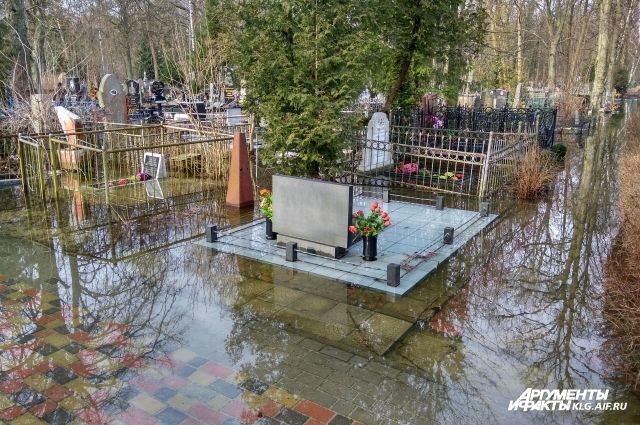 В Калининграде затопило старое кладбище на проспекте Мира.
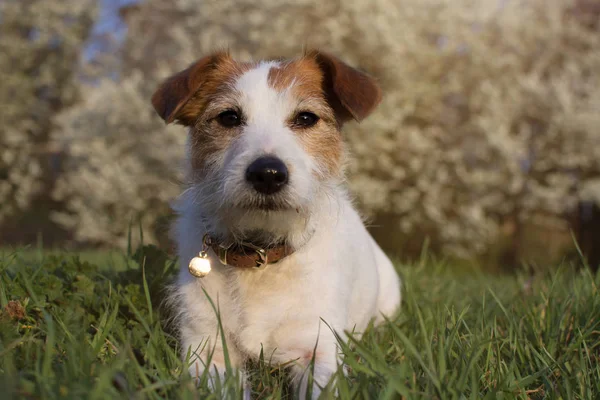 PORTRAIT JACK RUSSELL DOG MYING ON GRASS AGAINST DEFOCUSED SPRI — Photo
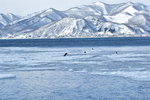 13022019_Nikon D5300_20 Round to Hokkaido_Rausu Nature Sightseeing Voyage00158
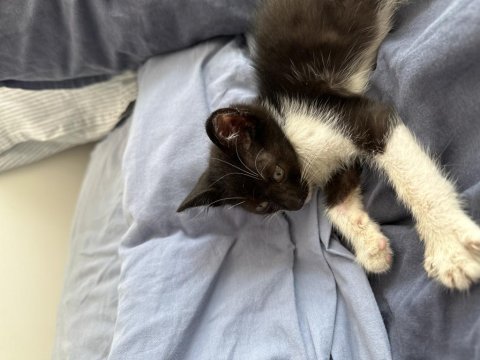 Minik oreo tekir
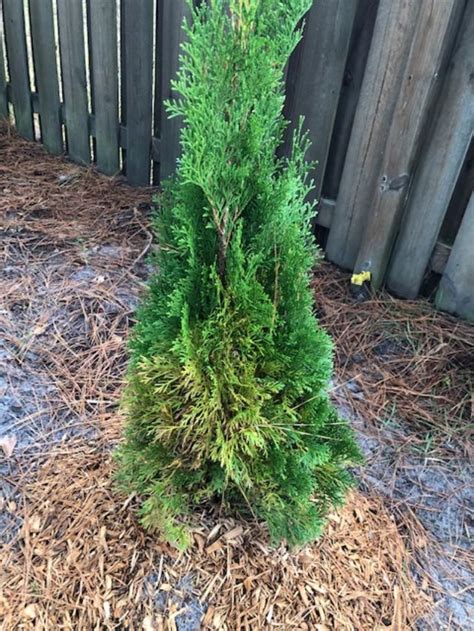 Arborvitae turning brown after planting | Walter Reeves: The Georgia ...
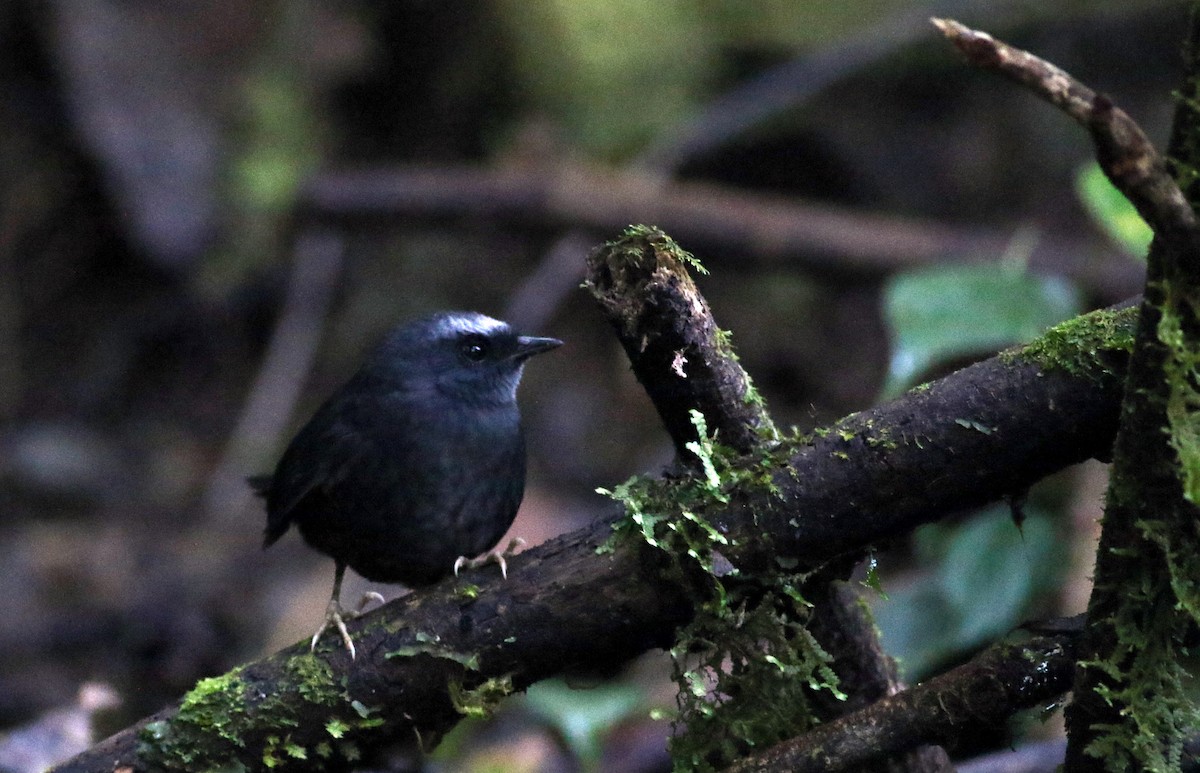Silvery-fronted Tapaculo (Silvery-fronted) - Jay McGowan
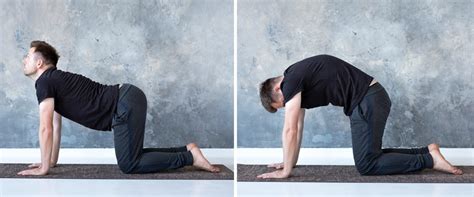 Spa Session साठी पैसा खर्च करण्यापेक्षा Yoga चा Stress Free फंडाच बरा ...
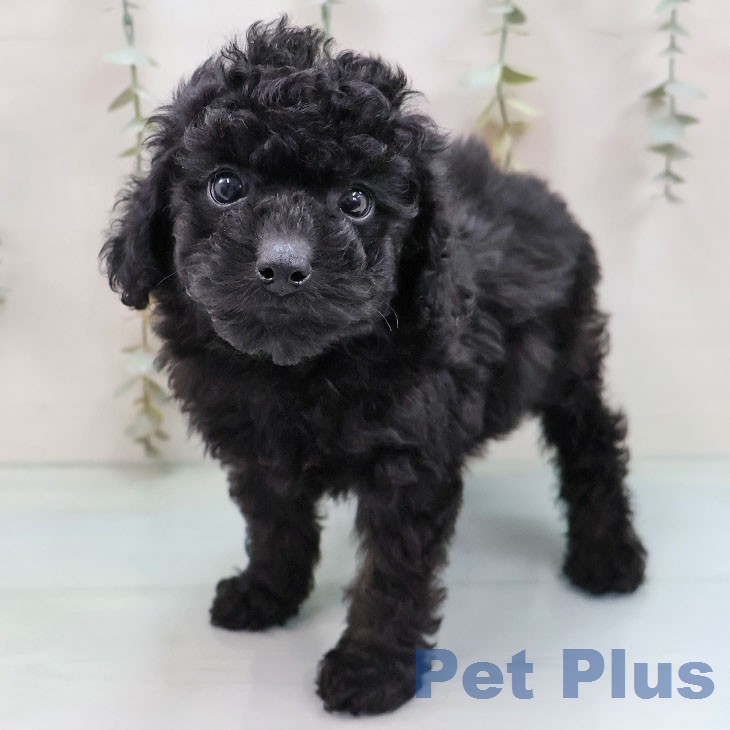 トイ・プードル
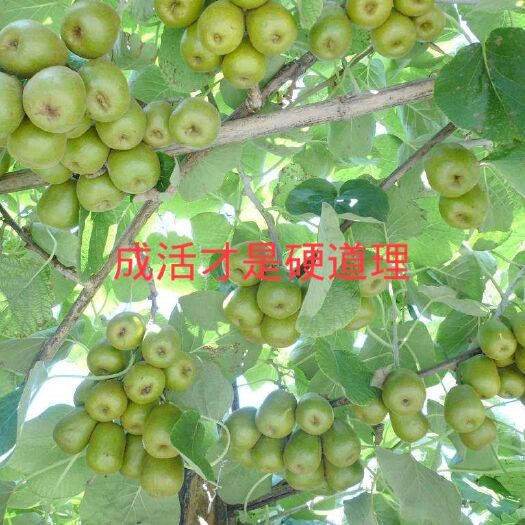 济南 猕猴桃苗 嫁接苗 红心 黄心 粤引2205 贵长 南北方种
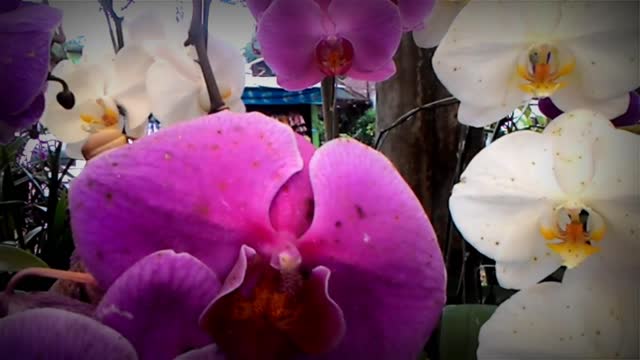 White and Purple moon orchids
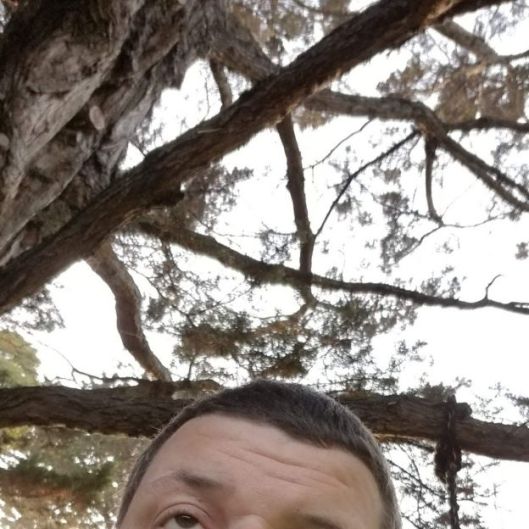 MountainBearMan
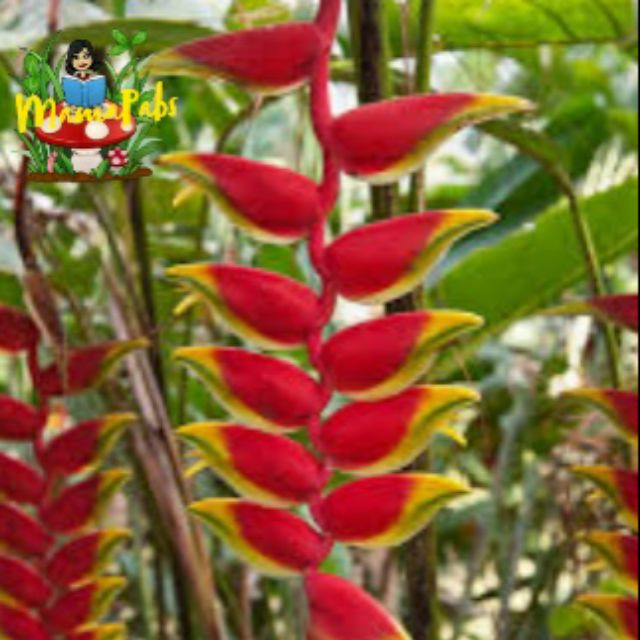 MamaPabs Heliconia Rostrata Rhizomes/Hanging Lobster Claw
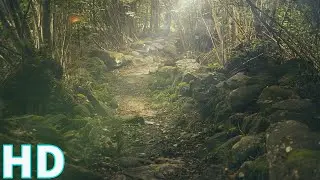 Amazing Shots of Nature | Stock Footage | Royalty Free | No Copyright Videos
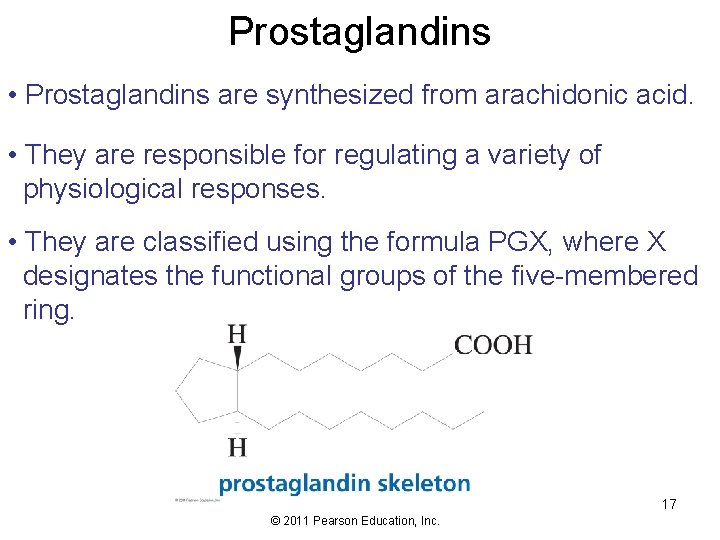 Prostaglandins • Prostaglandins are synthesized from arachidonic acid. • They are responsible for regulating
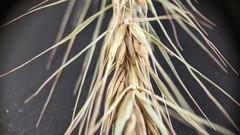 Elymus riparius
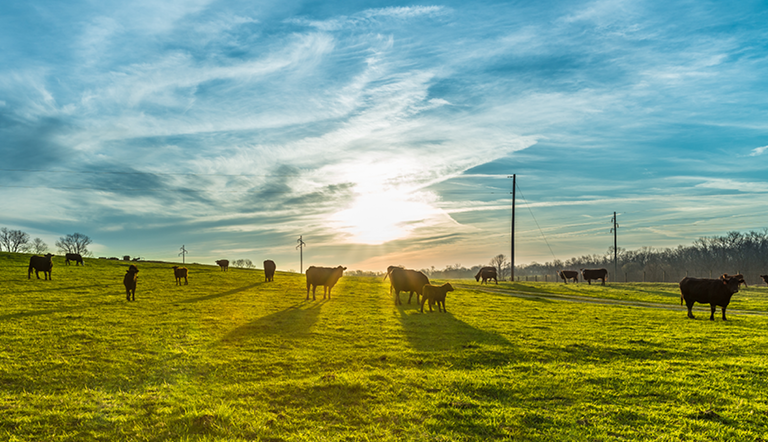 cows-in-field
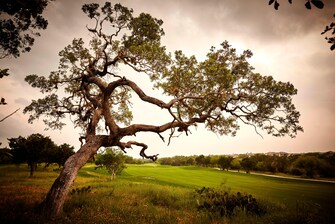 Campo de golf Live Oak Trees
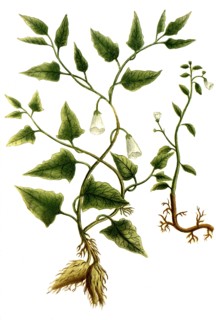 Botanik.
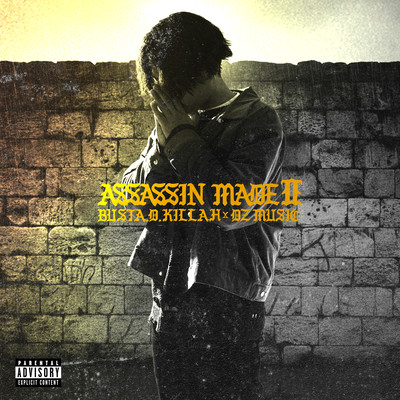 ASSASSIN MADE II
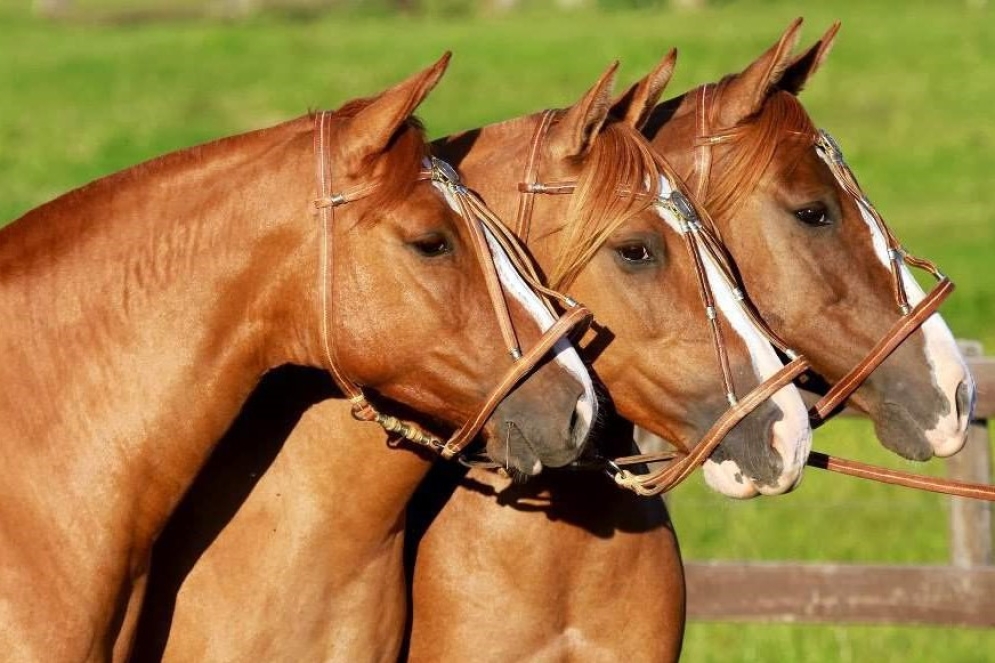 L&oacute;pez fue invitado a presentarse en la edici&oacute;n 2023.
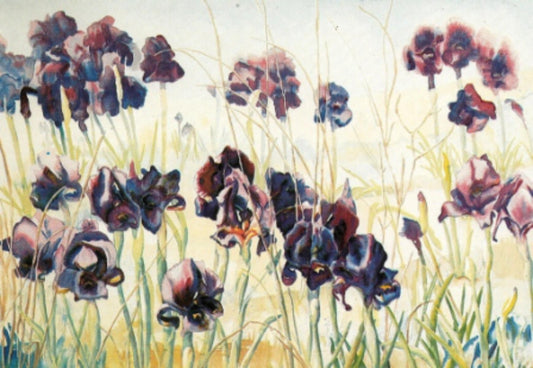 Perla Fox- Original Serigraph "Iris"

──────

## Task:
Transcribe the span of lines that runs from the line with "ASSASSIN MADE II" to the end of the data, both ends included, exactly, with nothing else and no pictures.

## Result:
 ASSASSIN MADE II
 L&oacute;pez fue invitado a presentarse en la edici&oacute;n 2023.
 Perla Fox- Original Serigraph "Iris"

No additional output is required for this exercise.